Al vertice è una questione di prestigio, di trucchi svelati e colpi di scena. Il Lanciano è in cima alla montagna, con appena due lunghezze di vantaggio dall’Angolana. I frentani sentono il profumo del traguardo come Niki Lauda sentiva l'asfalto in Rush, ma i dragoni hanno dimostrato di avere l’animo del capitano Achab all’inseguimento della celebre balena bianca, tenace e coriaceo. Il duello rusticano tra le due prime della classe rinvia all’interrogativo etimologico del calcio: i campionati si vincono in attacco o in difesa? Per ora sembra che quest’ultima vinca sulla prima, con il Lanciano che con la seconda miglior difesa del torneo guida sul miglior attacco angolano, che ha raggiunto quota 90 gol in 32 partite.

Il sogno Serie D passa ora dagli ultimi due incroci: per i rossoneri la prossima sfida interna contro la Fucense è il match point da non fallire, prima del gran finale in trasferta contro l'Ovidiana Sulmona. Entrambe le avversarie hanno già raggiunto la quota salvezza ma sono in crisi di risultati, con i marsicani a digiuno di vittorie da 6 gare e ormai fuori dalla top 5, e con i peligni che hanno conquistato una sola vittoria nelle ultime 5.

I dragoni attendono invece la Torrese al Petruzzi, per poi giocarsi il tutto per tutto a Montorio. La sfida con i giallorossi sarà lo scoglio più arduo da superare, con la squadra di Del Grosso che è la più in forma del momento, reduce da 7 risultati utili consecutivi frutto di 6 successi e un pareggio, e vogliosa di chiudere al quarto posto. Più agevole sulla carta la gara del Pigliacelli, con i gialloneri di Cerasi che hanno ormai raggiunto l’obiettivo playout.

Si trova invece tra sogno e realtà la Santegidiese, intrappolata in quel limbo da richiami calviniani: aritmeticamente fuori dalla corsa al primo posto, ma con il destino dei playoff ancora tutto da scrivere. I vibratiani non possono più permettersi distrazioni, come quelle commesse nel k.o. con la Folgore, ma essere cinici e chirurgici come nell’ultima vittoria con la Pro Vasto. Cappellacci deve chiudere il cerchio delle ambizioni estive e fermare le montagne russe di questa stagione, con il calendario che ora recita la Virtus Cupello tra le mura amiche e infine l’esterna contro la Fucense: due tappe obbligatorie per prendersi la postseason ed evitare che il sogno della D svanisca come i ricordi nella pioggia di Blade Runner.
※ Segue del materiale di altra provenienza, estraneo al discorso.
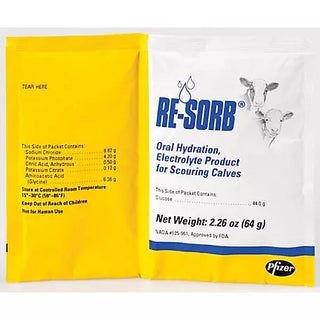 Re-Sorb 64gm Packet: Single Packet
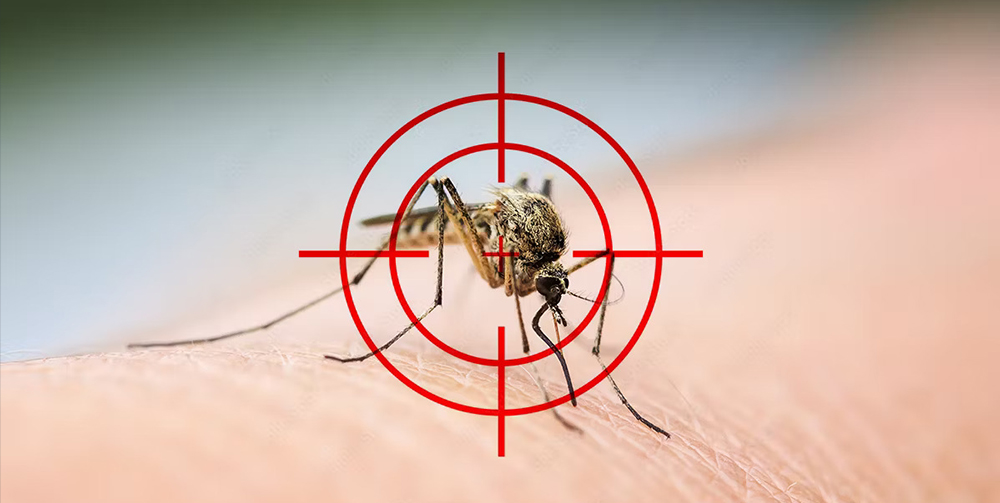  Guide to Eliminating Mosquitoes 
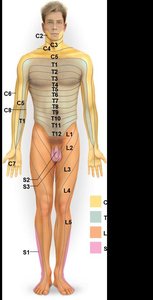 Dermatome map of the human body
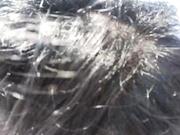 Онлайн-эровидеочат с Xxx_Alexa на BongaCams 2024-05-07 11_39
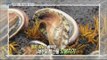[Live Tonight] 생방송 오늘저녁 392회 - Jejudo Abalone Stew in a Hot Pot! 20160629
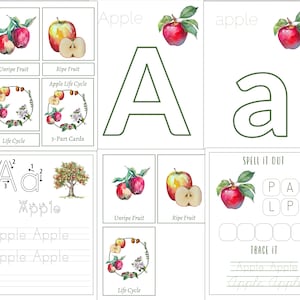 APPLE Unit Study, Life Cycle, Anatomy, Nature Study, Science, Homeschool, Montessori, INSTANT DOWNLOAD image 8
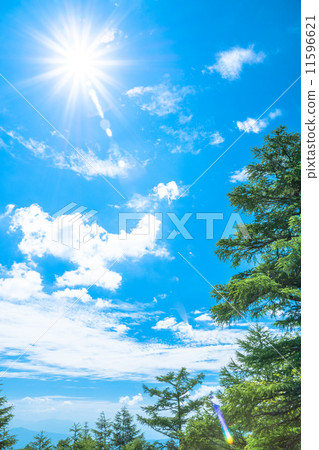 Summer sun · blue sky Summer sun · blue sky 11596621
C'è un dettaglio che rende questo finale ancora più elettrizzante: il fattore viaggio. Tutte le prime tre della classe chiuderanno infatti il campionato lontano da casa: come nel capolavoro di Jack Kerouac, il destino si deciderà on the road. Una strada che in coda è pura sopravvivenza. Il Pontevomano sa di non avere paracadute: servono due vittorie su due per provare a sperare nella salvezza diretta. Al contrario, il Montorio è già consapevole di dover passare per le forche caudine dei playout, ma cerca disperatamente una posizione migliore nella griglia. Domenica sarà decisiva per le sorti delle due vomanesi, con uno scontro diretto degno di uno showdown da film western di Sergio Leone: chi vince respira, chi perde affoga.

Nell'ultimo atto della regular season, la squadra di Cifaldi chiuderà al San Marco in casa della Folgore, mentre per le api giallonere l'ultima giornata sarà una Mission Impossible contro l'Angolana. Scenario identico anche a sud, con Pro Vasto e Penne ancora invischiate nelle sabbie mobili dei playout e con la via di fuga che per i vestini si allontana sempre di più. Un solo centimetro farà la differenza tra la gloria e il rimpianto: bisognerà lottare in queste ultime due “maledette” domeniche.